WORK TO BE COMPLETED: Count the lines below that contain the word "Volkswagen", and give only that number.

[Web page caption snippets]
□ □ □

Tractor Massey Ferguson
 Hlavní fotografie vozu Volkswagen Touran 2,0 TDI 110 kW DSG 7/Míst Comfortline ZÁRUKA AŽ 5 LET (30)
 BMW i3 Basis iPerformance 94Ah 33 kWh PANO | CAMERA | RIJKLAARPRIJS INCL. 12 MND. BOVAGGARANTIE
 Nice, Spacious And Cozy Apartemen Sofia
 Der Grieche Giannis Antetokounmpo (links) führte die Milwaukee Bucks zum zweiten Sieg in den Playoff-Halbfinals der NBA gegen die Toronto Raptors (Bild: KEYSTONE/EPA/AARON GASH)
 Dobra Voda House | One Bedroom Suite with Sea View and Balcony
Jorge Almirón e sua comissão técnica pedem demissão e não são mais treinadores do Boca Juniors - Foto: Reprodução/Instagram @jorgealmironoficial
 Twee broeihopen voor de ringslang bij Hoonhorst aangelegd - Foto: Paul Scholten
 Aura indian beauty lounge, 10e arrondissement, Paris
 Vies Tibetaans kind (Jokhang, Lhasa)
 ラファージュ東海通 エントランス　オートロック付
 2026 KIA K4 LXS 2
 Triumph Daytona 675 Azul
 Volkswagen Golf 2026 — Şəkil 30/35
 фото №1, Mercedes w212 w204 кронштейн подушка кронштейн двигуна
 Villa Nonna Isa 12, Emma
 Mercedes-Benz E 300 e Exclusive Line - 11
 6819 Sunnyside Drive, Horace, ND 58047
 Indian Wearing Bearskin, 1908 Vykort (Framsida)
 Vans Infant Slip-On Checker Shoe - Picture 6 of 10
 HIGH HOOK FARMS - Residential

□ □ □

SOLUTION: 2